The government should ensure that the existing land records should be free of any encumbrances. They will have to be consolidated. If land dispute cases have to be solved then digitization of land records is very important for the country. It must include the site plans, exact location, projected look, owner ship details, Khata details sharing property tax and other cesses payable on the property. There will be lesser land-related conflicts due to the identification of the division of land owing to digital maps.

Expressing his views Pai said, “At regular intervals, a fresh survey of every parcel of land to update records will help everyone in purchasing, transferring and selling land, giving deeds, and making all kinds of land transactions at the press of a button. This will also help in identifying and avoiding any confusion about which land has been earmarked as government land through online registration. There will be lesser land-related conflicts due to the identification of the division of land owing to digital maps. Transparency brought through digitization of land records will make it difficult for the general public to evade property tax. Planning of industrialization and smart cities by the government will become easier. The government’s initiation towards digitization will not only speed up the process of land acquisition but will also help in building up of local revenues through property tax billing and collection and also by providing conclusive titles to land owners.”

To Sum Up

Computerization of land records is beneficial for buyers as they are clear on the correct details of the owner of a particular property.  Digitization will help the buyer to check for transparent market based pricing before buying the land and is a substantial measure to achieve clarity on land ownership.
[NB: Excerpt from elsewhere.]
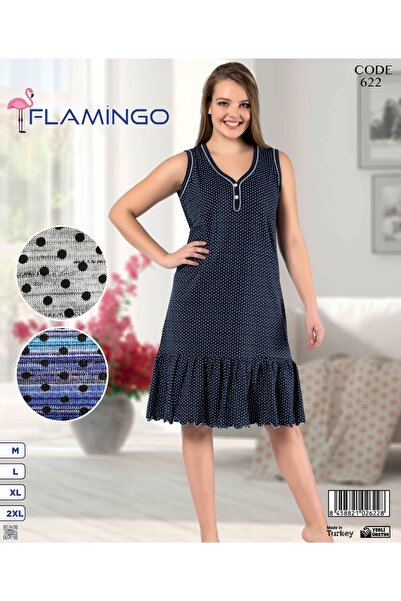 Flamingo Shop Kadın Pijama Gecelik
As a general practice, documents are usually kept with the Revenue Department and are not easily accessible to the public. The Committee on Financial Sector Reforms (FSRC) in 2009 had suggested that online documentation of land records can be linked with court registries of the corresponding district or the state, through which a buyer can get immediate information of any pending litigations with regard to a property.

Unclear land titles, accompanying costs due to title disputes and litigation, and lack of transparency in real estate transactions make the real estate market seem sluggish. Clear land titles will help in accelerating the pace of new projects.

Digitization will help in transparent land records management with a single window to handle land records which will include maintenance and updating of maps, survey and registration of property. It will also help in online approvals of plans and occupancy certificates. It will help in showcasing the ownership status and ease overall business processes in the sector. Overall it becomes easier for the developers and buyers to check on the authenticity of the land or the property.

DILRMP is currently being implemented in all states, but with differential progress. Measures that could improve the computerisation of land records include, clarifying the policy and establishing clear criteria and accountability, identifying best practices on technical and legal issues, promoting skill training among technical staff across states and prioritising integration between records and registry.